Elkin-based Yadkin Valley Community Matters, which organized a five-hour “Black Lives Matters” protest event Saturday in Elkin, issued a press release Monday saying the group was started last week “to promote peace, unity and justice” and empower each person in the Yadkin Valley “to have and use their voice.”
The release said Saturday’s event showed that many like-minded individuals live across the Yadkin Valley and have the strength to speak out and demonstrate that the words, “Liberty and Justice, for All,” mean something.
It said a smaller event in Elkin on June 2 led to Yadkin Valley Community Matters being organized and the larger event Saturday, with peaceful protests being the objective of both.

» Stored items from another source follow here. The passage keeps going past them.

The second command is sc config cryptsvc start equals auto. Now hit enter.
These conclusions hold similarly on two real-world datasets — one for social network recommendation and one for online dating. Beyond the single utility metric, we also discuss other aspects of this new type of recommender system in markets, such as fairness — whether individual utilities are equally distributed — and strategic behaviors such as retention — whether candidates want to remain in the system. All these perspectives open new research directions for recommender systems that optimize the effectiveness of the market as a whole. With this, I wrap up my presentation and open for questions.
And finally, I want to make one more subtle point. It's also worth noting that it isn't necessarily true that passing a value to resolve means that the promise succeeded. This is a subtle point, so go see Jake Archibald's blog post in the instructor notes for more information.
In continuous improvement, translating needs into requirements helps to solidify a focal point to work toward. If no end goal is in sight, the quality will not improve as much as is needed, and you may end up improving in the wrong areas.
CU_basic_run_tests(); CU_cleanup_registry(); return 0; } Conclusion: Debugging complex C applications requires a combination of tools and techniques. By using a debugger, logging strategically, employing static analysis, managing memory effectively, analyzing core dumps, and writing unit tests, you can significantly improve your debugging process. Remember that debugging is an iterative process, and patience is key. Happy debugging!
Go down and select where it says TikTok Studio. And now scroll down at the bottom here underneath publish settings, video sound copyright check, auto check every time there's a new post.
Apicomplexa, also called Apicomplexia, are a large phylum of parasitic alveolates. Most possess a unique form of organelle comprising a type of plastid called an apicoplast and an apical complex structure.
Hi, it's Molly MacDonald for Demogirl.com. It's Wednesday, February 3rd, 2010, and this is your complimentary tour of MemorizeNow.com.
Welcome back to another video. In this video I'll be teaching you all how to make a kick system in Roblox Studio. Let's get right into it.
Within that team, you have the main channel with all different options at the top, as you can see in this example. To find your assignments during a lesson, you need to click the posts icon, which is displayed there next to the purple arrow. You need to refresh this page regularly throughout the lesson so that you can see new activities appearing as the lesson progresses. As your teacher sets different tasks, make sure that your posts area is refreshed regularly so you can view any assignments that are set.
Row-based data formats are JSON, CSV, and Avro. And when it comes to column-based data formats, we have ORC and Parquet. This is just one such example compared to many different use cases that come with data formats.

After people attending the June 2 protest expressed interest in holding a larger “Black Lives Matter” protest, West Caudle of Elkin asked Elkin Mayor Sam Bishop that evening what Yadkin Valley Community Matters needed to do to accomplish this.
“Mayor Bishop stated that we all have a First Amendment Right to gather and all that was asked was a courtesy contact with Town Manager Brent Cornelison,” the release stated. Caudle contacted Cornelison the next day and shared plans for the protest event held Saturday. “Mr. Cornelison was supportive, understanding and encouraging of the plan,” the release said.

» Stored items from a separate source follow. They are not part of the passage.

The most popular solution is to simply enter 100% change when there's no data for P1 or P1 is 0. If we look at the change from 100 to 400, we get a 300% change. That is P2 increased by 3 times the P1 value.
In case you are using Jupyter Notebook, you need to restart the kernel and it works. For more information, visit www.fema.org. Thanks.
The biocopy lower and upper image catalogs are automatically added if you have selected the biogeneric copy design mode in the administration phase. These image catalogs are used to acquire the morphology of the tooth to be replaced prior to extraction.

“The plan conveyed to Mr. Cornelison was to hold a peaceful stationary protest in the community green space at the corner of Market Street and Bridge streets in downtown Elkin, as well as offer the opportunity for those who wished to march… in a safe and peaceful manner.” A route for a protest march, mostly on Main Street, was planned in the meeting.
The event began about 10 a.m. Saturday with a crowd of around 200 people hearing opening remarks from Caudle and a prayer from the Rev. Wallice Hairston. The protest march followed, with about 100 participants. It was promoted as an event "for neighbors" in Surry, Wilkes, Yadkin and Alleghany counties.
“We would like to express a heartfelt thank you to the Elkin Police Department and Chief Monroe Wagoner, the Elkin Fire Department and Chief Kevin Wilson, the Jonesville Police Department, Surry County Emergency Services and the Surry County Sheriff’s Office and Sheriff Steve Hiatt” for their support and assistance with the event, the release said.
“We cannot thank the community members and the public servants enough for a successful event on Saturday and we look forward to more peaceful, powerful, and unifying events moving forward.”
Details of future events planned by Yadkin Valley Community Matters will be on the organization’s Facebook page. The release said these include a Juneteenth Community Awareness and Unity March planned June 20. Details will be available soon.
Juneteenth commemorates slaves being declared free by President Abraham Lincoln with his Emancipation Proclamation during the Civil War.